*** Recorded data ***

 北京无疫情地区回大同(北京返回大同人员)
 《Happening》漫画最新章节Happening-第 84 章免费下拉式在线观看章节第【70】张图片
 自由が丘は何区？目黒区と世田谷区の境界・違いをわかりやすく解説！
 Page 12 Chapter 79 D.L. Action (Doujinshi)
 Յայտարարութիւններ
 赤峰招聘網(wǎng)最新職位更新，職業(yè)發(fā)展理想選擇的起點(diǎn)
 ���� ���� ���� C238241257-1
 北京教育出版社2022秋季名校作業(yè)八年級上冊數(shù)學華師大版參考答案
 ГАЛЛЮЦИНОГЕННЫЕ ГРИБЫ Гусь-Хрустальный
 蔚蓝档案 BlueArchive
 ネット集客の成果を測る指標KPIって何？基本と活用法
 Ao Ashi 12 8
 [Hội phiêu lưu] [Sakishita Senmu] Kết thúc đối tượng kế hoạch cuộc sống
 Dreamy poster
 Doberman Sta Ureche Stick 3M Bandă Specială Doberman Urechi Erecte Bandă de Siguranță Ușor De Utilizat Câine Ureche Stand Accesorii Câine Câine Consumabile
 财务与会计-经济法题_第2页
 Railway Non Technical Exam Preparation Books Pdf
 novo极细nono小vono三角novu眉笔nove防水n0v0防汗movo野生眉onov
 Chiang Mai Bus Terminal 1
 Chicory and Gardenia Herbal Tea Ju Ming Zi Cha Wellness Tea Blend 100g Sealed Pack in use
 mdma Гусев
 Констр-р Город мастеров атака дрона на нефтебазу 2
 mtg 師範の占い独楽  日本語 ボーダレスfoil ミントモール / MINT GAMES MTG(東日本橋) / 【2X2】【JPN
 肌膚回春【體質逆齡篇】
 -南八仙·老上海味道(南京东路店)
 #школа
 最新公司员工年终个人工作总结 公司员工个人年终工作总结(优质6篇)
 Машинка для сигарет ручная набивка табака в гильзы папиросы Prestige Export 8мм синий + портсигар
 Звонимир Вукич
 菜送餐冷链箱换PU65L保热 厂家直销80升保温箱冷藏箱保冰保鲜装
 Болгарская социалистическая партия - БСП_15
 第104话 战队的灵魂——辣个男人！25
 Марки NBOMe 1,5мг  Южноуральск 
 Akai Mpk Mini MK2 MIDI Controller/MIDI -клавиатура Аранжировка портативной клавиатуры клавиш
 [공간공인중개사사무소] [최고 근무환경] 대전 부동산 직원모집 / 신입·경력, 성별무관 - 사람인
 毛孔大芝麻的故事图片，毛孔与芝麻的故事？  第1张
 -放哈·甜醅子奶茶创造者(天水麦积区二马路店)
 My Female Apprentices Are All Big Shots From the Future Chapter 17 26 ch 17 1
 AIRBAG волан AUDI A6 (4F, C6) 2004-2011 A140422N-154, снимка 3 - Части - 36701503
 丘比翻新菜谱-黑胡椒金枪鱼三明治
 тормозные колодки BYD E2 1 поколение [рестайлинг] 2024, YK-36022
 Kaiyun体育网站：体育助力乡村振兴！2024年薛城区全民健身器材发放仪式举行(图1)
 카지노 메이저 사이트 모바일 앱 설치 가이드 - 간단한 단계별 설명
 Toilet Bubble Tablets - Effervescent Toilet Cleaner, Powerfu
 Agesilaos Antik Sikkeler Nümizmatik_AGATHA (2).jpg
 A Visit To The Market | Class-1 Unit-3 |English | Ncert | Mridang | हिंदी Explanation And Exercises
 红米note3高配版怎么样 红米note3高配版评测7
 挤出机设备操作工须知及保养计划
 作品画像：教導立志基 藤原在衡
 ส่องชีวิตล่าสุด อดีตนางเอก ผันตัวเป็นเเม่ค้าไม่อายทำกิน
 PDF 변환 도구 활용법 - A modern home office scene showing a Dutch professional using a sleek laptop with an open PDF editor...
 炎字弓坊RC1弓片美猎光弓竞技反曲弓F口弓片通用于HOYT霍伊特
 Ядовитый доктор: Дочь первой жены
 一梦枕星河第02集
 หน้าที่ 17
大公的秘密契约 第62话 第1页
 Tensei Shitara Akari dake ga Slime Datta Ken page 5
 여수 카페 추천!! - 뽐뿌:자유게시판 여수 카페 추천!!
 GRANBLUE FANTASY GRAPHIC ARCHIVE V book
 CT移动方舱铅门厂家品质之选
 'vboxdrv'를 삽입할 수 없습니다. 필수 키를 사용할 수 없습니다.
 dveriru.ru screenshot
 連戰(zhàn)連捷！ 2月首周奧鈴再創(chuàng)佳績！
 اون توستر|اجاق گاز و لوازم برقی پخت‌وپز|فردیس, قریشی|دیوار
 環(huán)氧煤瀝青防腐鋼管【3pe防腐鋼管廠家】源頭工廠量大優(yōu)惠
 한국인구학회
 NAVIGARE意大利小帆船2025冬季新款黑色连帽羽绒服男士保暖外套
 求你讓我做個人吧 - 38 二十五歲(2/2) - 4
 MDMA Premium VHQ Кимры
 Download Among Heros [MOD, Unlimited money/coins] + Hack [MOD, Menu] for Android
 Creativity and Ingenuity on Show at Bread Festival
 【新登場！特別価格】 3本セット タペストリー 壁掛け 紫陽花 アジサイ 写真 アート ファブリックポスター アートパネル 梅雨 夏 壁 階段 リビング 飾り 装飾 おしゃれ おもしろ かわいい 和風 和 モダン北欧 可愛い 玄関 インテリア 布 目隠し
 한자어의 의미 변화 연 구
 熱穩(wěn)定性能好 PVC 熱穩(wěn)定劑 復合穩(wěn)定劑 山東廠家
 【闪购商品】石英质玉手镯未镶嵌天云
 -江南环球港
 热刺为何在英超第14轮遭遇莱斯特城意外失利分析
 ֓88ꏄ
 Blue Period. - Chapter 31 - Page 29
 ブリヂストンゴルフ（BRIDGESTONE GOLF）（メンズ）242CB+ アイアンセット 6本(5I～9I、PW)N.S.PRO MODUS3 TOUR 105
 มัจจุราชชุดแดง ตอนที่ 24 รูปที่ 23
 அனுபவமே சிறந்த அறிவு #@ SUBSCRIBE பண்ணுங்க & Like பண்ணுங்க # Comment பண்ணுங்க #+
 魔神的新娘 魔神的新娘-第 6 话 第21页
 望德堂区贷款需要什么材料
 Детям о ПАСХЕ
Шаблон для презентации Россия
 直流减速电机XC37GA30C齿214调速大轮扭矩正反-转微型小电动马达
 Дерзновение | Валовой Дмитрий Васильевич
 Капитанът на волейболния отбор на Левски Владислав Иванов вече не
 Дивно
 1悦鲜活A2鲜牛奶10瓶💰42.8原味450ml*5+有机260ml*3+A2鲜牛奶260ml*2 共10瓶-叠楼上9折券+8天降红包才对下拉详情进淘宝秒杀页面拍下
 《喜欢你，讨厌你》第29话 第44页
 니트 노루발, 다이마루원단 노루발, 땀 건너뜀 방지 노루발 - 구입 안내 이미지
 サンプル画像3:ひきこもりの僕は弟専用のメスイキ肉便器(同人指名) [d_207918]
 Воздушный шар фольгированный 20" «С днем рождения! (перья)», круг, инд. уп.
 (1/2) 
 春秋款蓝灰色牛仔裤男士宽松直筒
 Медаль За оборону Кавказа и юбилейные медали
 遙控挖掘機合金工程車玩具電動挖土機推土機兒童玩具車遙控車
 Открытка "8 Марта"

*** End of Recorded data ***

For this exercise, write out all of the data exactly.

 北京无疫情地区回大同(北京返回大同人员)
 《Happening》漫画最新章节Happening-第 84 章免费下拉式在线观看章节第【70】张图片
 自由が丘は何区？目黒区と世田谷区の境界・違いをわかりやすく解説！
 Page 12 Chapter 79 D.L. Action (Doujinshi)
 Յայտարարութիւններ
 赤峰招聘網(wǎng)最新職位更新，職業(yè)發(fā)展理想選擇的起點(diǎn)
 ���� ���� ���� C238241257-1
 北京教育出版社2022秋季名校作業(yè)八年級上冊數(shù)學華師大版參考答案
 ГАЛЛЮЦИНОГЕННЫЕ ГРИБЫ Гусь-Хрустальный
 蔚蓝档案 BlueArchive
 ネット集客の成果を測る指標KPIって何？基本と活用法
 Ao Ashi 12 8
 [Hội phiêu lưu] [Sakishita Senmu] Kết thúc đối tượng kế hoạch cuộc sống
 Dreamy poster
 Doberman Sta Ureche Stick 3M Bandă Specială Doberman Urechi Erecte Bandă de Siguranță Ușor De Utilizat Câine Ureche Stand Accesorii Câine Câine Consumabile
 财务与会计-经济法题_第2页
 Railway Non Technical Exam Preparation Books Pdf
 novo极细nono小vono三角novu眉笔nove防水n0v0防汗movo野生眉onov
 Chiang Mai Bus Terminal 1
 Chicory and Gardenia Herbal Tea Ju Ming Zi Cha Wellness Tea Blend 100g Sealed Pack in use
 mdma Гусев
 Констр-р Город мастеров атака дрона на нефтебазу 2
 mtg 師範の占い独楽  日本語 ボーダレスfoil ミントモール / MINT GAMES MTG(東日本橋) / 【2X2】【JPN
 肌膚回春【體質逆齡篇】
 -南八仙·老上海味道(南京东路店)
 #школа
 最新公司员工年终个人工作总结 公司员工个人年终工作总结(优质6篇)
 Машинка для сигарет ручная набивка табака в гильзы папиросы Prestige Export 8мм синий + портсигар
 Звонимир Вукич
 菜送餐冷链箱换PU65L保热 厂家直销80升保温箱冷藏箱保冰保鲜装
 Болгарская социалистическая партия - БСП_15
 第104话 战队的灵魂——辣个男人！25
 Марки NBOMe 1,5мг  Южноуральск 
 Akai Mpk Mini MK2 MIDI Controller/MIDI -клавиатура Аранжировка портативной клавиатуры клавиш
 [공간공인중개사사무소] [최고 근무환경] 대전 부동산 직원모집 / 신입·경력, 성별무관 - 사람인
 毛孔大芝麻的故事图片，毛孔与芝麻的故事？  第1张
 -放哈·甜醅子奶茶创造者(天水麦积区二马路店)
 My Female Apprentices Are All Big Shots From the Future Chapter 17 26 ch 17 1
 AIRBAG волан AUDI A6 (4F, C6) 2004-2011 A140422N-154, снимка 3 - Части - 36701503
 丘比翻新菜谱-黑胡椒金枪鱼三明治
 тормозные колодки BYD E2 1 поколение [рестайлинг] 2024, YK-36022
 Kaiyun体育网站：体育助力乡村振兴！2024年薛城区全民健身器材发放仪式举行(图1)
 카지노 메이저 사이트 모바일 앱 설치 가이드 - 간단한 단계별 설명
 Toilet Bubble Tablets - Effervescent Toilet Cleaner, Powerfu
 Agesilaos Antik Sikkeler Nümizmatik_AGATHA (2).jpg
 A Visit To The Market | Class-1 Unit-3 |English | Ncert | Mridang | हिंदी Explanation And Exercises
 红米note3高配版怎么样 红米note3高配版评测7
 挤出机设备操作工须知及保养计划
 作品画像：教導立志基 藤原在衡
 ส่องชีวิตล่าสุด อดีตนางเอก ผันตัวเป็นเเม่ค้าไม่อายทำกิน
 PDF 변환 도구 활용법 - A modern home office scene showing a Dutch professional using a sleek laptop with an open PDF editor...
 炎字弓坊RC1弓片美猎光弓竞技反曲弓F口弓片通用于HOYT霍伊特
 Ядовитый доктор: Дочь первой жены
 一梦枕星河第02集
 หน้าที่ 17
大公的秘密契约 第62话 第1页
 Tensei Shitara Akari dake ga Slime Datta Ken page 5
 여수 카페 추천!! - 뽐뿌:자유게시판 여수 카페 추천!!
 GRANBLUE FANTASY GRAPHIC ARCHIVE V book
 CT移动方舱铅门厂家品质之选
 'vboxdrv'를 삽입할 수 없습니다. 필수 키를 사용할 수 없습니다.
 dveriru.ru screenshot
 連戰(zhàn)連捷！ 2月首周奧鈴再創(chuàng)佳績！
 اون توستر|اجاق گاز و لوازم برقی پخت‌وپز|فردیس, قریشی|دیوار
 環(huán)氧煤瀝青防腐鋼管【3pe防腐鋼管廠家】源頭工廠量大優(yōu)惠
 한국인구학회
 NAVIGARE意大利小帆船2025冬季新款黑色连帽羽绒服男士保暖外套
 求你讓我做個人吧 - 38 二十五歲(2/2) - 4
 MDMA Premium VHQ Кимры
 Download Among Heros [MOD, Unlimited money/coins] + Hack [MOD, Menu] for Android
 Creativity and Ingenuity on Show at Bread Festival
 【新登場！特別価格】 3本セット タペストリー 壁掛け 紫陽花 アジサイ 写真 アート ファブリックポスター アートパネル 梅雨 夏 壁 階段 リビング 飾り 装飾 おしゃれ おもしろ かわいい 和風 和 モダン北欧 可愛い 玄関 インテリア 布 目隠し
 한자어의 의미 변화 연 구
 熱穩(wěn)定性能好 PVC 熱穩(wěn)定劑 復合穩(wěn)定劑 山東廠家
 【闪购商品】石英质玉手镯未镶嵌天云
 -江南环球港
 热刺为何在英超第14轮遭遇莱斯特城意外失利分析
 ֓88ꏄ
 Blue Period. - Chapter 31 - Page 29
 ブリヂストンゴルフ（BRIDGESTONE GOLF）（メンズ）242CB+ アイアンセット 6本(5I～9I、PW)N.S.PRO MODUS3 TOUR 105
 มัจจุราชชุดแดง ตอนที่ 24 รูปที่ 23
 அனுபவமே சிறந்த அறிவு #@ SUBSCRIBE பண்ணுங்க & Like பண்ணுங்க # Comment பண்ணுங்க #+
 魔神的新娘 魔神的新娘-第 6 话 第21页
 望德堂区贷款需要什么材料
 Детям о ПАСХЕ
Шаблон для презентации Россия
 直流减速电机XC37GA30C齿214调速大轮扭矩正反-转微型小电动马达
 Дерзновение | Валовой Дмитрий Васильевич
 Капитанът на волейболния отбор на Левски Владислав Иванов вече не
 Дивно
 1悦鲜活A2鲜牛奶10瓶💰42.8原味450ml*5+有机260ml*3+A2鲜牛奶260ml*2 共10瓶-叠楼上9折券+8天降红包才对下拉详情进淘宝秒杀页面拍下
 《喜欢你，讨厌你》第29话 第44页
 니트 노루발, 다이마루원단 노루발, 땀 건너뜀 방지 노루발 - 구입 안내 이미지
 サンプル画像3:ひきこもりの僕は弟専用のメスイキ肉便器(同人指名) [d_207918]
 Воздушный шар фольгированный 20" «С днем рождения! (перья)», круг, инд. уп.
 (1/2) 
 春秋款蓝灰色牛仔裤男士宽松直筒
 Медаль За оборону Кавказа и юбилейные медали
 遙控挖掘機合金工程車玩具電動挖土機推土機兒童玩具車遙控車
 Открытка "8 Марта"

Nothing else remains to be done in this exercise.